Dass der Antrag nicht über den Status einer Absichtserklärung hinauskommen dürfte, hat ganz unterschiedliche Gründe. Die CSU steht vor allem ziemlich allein mit ihrem Vorstoß da. Bei den Koalitionspartnern FDP und CDU hält sich die Begeisterung in Grenzen. Von einem "schlechten Witz" sprachen jüngst liberale Politiker. Kanzlerin Angela Merkel drückte sich da noch vergleichsweise diplomatisch aus. Zu ihren Projekten gehöre die Maut jedenfalls nicht, ließ sie CSU-Chef Seehofer wissen. Aber ohne Unterstützung von CDU und FDP wird die Maut nicht kommen.

Es ist auch nicht so, dass alle in der CSU von der Maut wirklich überzeugt wären. Schon gar nicht Peter Ramsauer, der sich als Bundesverkehrsminister gerade mächtig für die Gebühr ins Zeug legt. Aus seinem Umfeld ist zu hören, dass er selbst nicht daran glaubt, die Finanzprobleme im Verkehrsetat allein dadurch lösen zu können, dass er Ausländer abkassiert. Deren Anteil am Verkehrsaufkommen auf deutschen Straßen bewegt sich ohnehin nur zwischen vier und sechs Prozent. Das bedeutet, wenn man die deutschen Autofahrer schont, lohnt es sich eigentlich kaum noch, den ganzen Aufwand überhaupt zu betreiben.

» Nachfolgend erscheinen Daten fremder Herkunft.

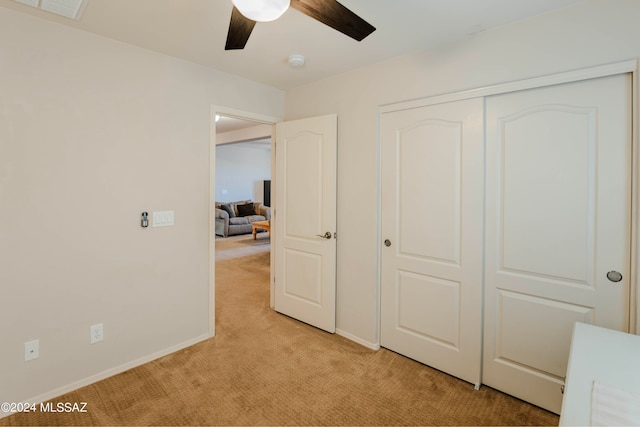 unfurnished bedroom with ceiling fan, light carpet, and a closet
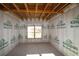 Unfinished basement with insulation and a window at 2019 Fern Mountain Ln, Marietta, GA 30064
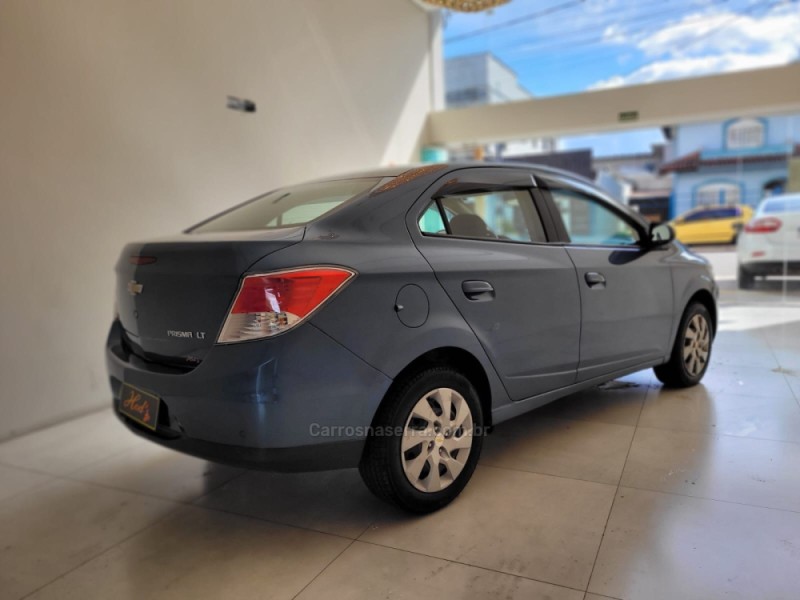 PRISMA 1.4 MPFI LT 8V FLEX 4P MANUAL - 2015 - CANELA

Auf 2,5 Milliarden Euro schätzt Ramsauer das Defizit im Verkehrsetat. Vor der CSU-Vorstandssitzung machte er unlängst klar, dass es ihm am liebsten wäre, der Finanzminister würde ihm einfach nur mehr Geld überweisen. Es war jedenfalls kein Plädoyer für die Maut und dies dürfte auch erklären, warum die CSU seit Monaten wirklich konkrete Maut-Konzepte schuldig bleibt. Zuletzt hatte Ramsauer eine Lösung nach österreichischem Vorbild ins Gespräch gebracht. Das "Pickerl" kostet dort 76,50 Euro pro Jahr. Das war alles.

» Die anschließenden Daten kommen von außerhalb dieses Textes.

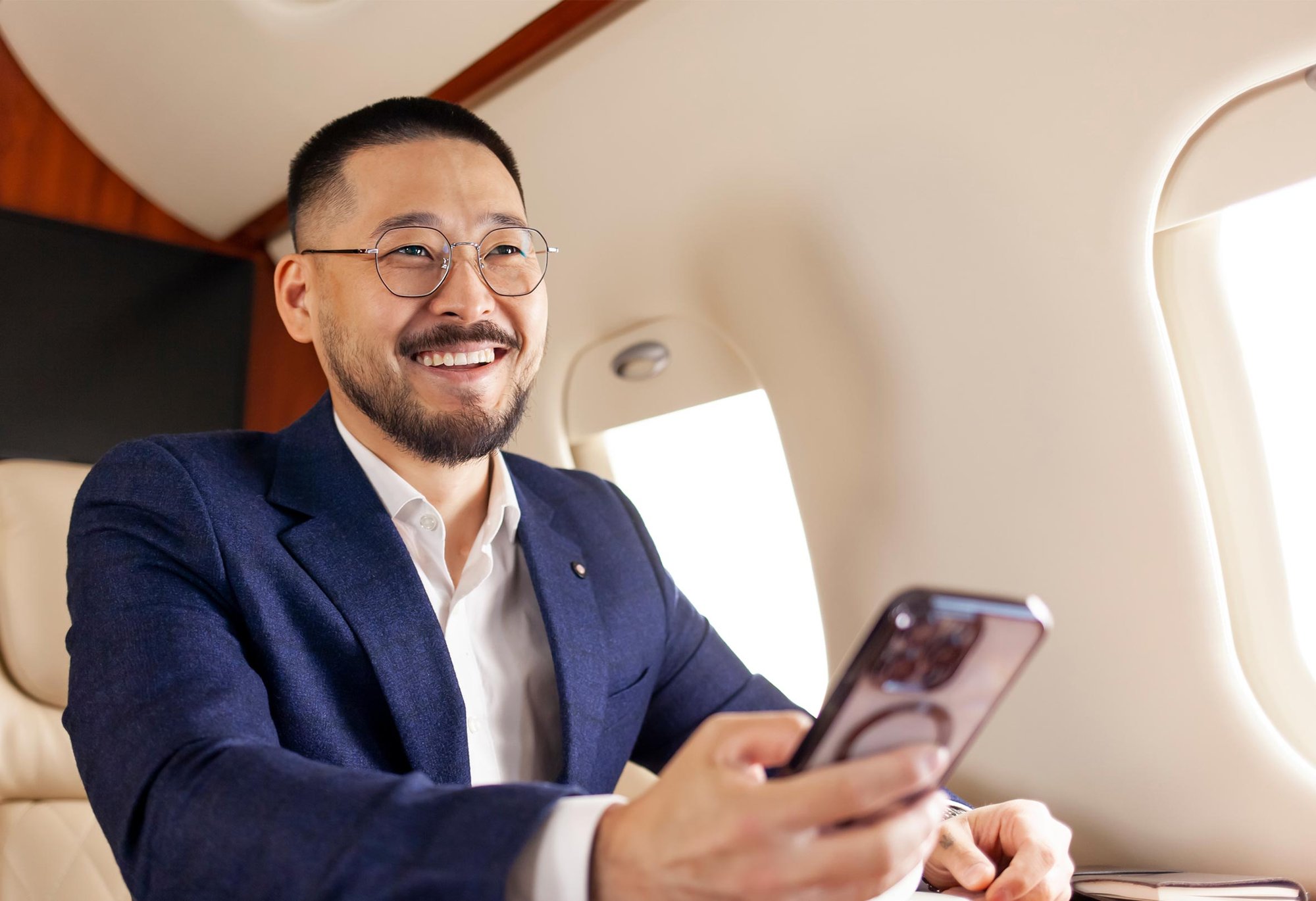 A Businessman using his phone on a private jet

Es gibt gute Gründe, die gegen die Maut sprechen, so wie die CSU sie sich vorstellt. Der Plan, Deutsche von Mehrbelastungen auszunehmen, kollidiert voraussichtlich mit Europarecht, weil ausländische Autofahrer nach europäischem Recht nicht schlechter gestellt werden dürften als deutsche.

In einem Gutachten des Wissenschaftlichen Dienstes des Bundestags zur Mautfrage, das SPD-Chef Florian Pronold eingeholt hat, heißt es, wenn es eine Anrechnung der Maut auf die Steuer "in irgendeiner Form" gäbe, dann stelle sich "die Frage, ob dies zu einer europarechtlich unzulässigen Diskriminierung von ausländischen Verkehrsteilnehmern führe". Diese hätten wegen der europäischen Freizügigkeit und des Verbots der Diskriminierung das Recht, sich zu denselben Bedingungen auf deutschen Straßen zu bewegen wie die Deutschen. Pronold zog daraus das Fazit, die CSU betreibe "Volksverdummung". Es handele sich also um eine reine Sommerlochdebatte der CSU, so Pronold.

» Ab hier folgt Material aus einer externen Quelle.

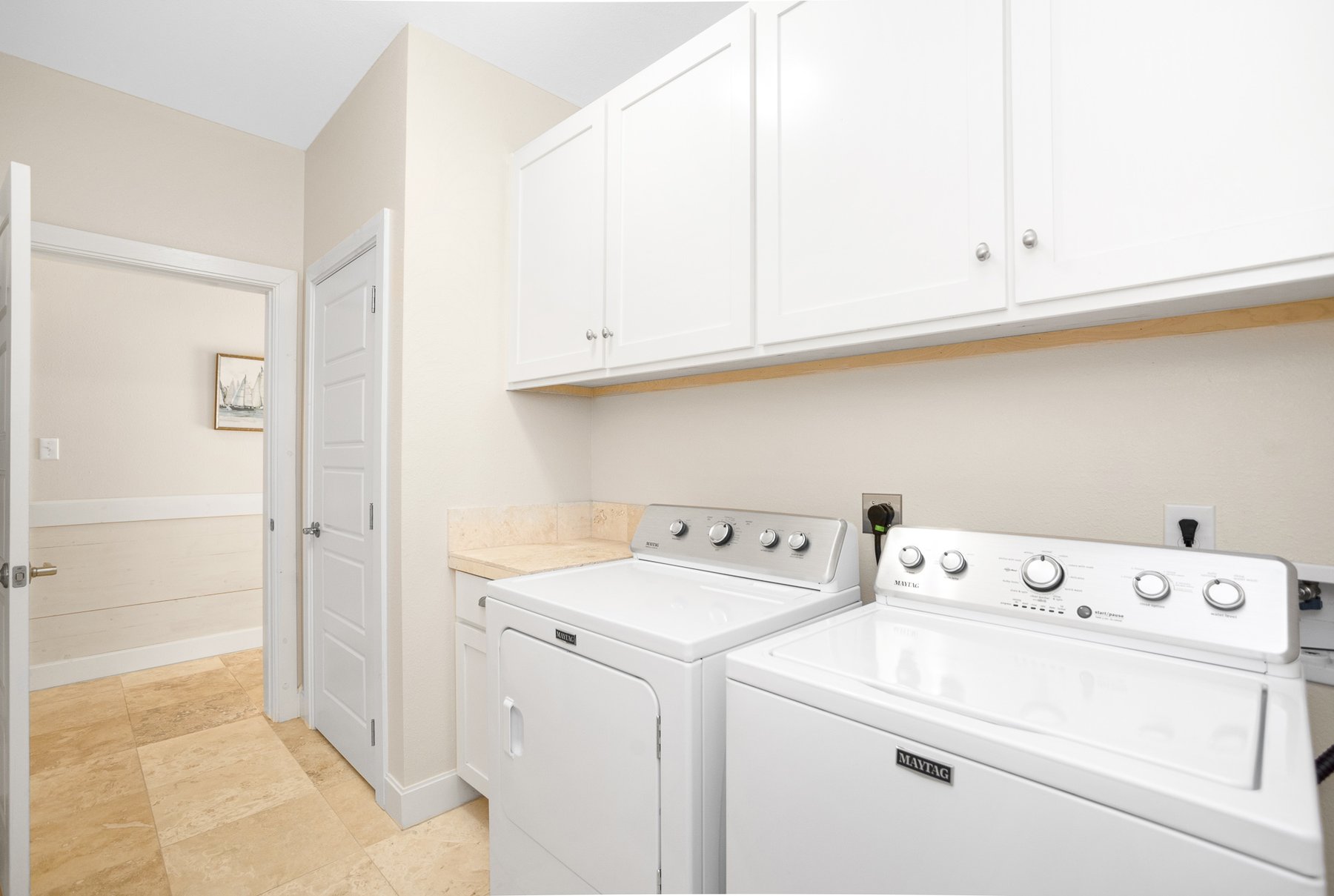 Laundry room with full-size washer and dryer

Das stimmt so nicht ganz. Für CSU-Chef Seehofer muss die Debatte mindestens bis Ende Oktober am Laufen gehalten werden. Dann nämlich kommen die Koalitionsspitzen in Berlin zusammen, um das Arbeitsprogramm für die kommenden zwei Jahre bis zur Wahl abzustimmen. Die CSU will die Pflegereform angehen, das Betreuungsgeld einführen, die Steuern vereinfachen und die Folgen der Bundeswehrreform für Bayern durch Hilfsprogramme abfedern - alles Themen, die Seehofer ein Stück weit wichtiger sind als die Maut. Gut möglich, dass er die Maut in den Verhandlungen dann opfert. Der Antrag vom Parteitag würde im übrigen im CSU-Archiv verschwinden. Dort liegen schon Anträge und Beschlüsse zuhauf: 2003 und 2006 etwa befasste sich die Partei schon mit der Maut. Am Mittwoch hatte die Pressestelle Mühe, die Dokumente wiederzufinden.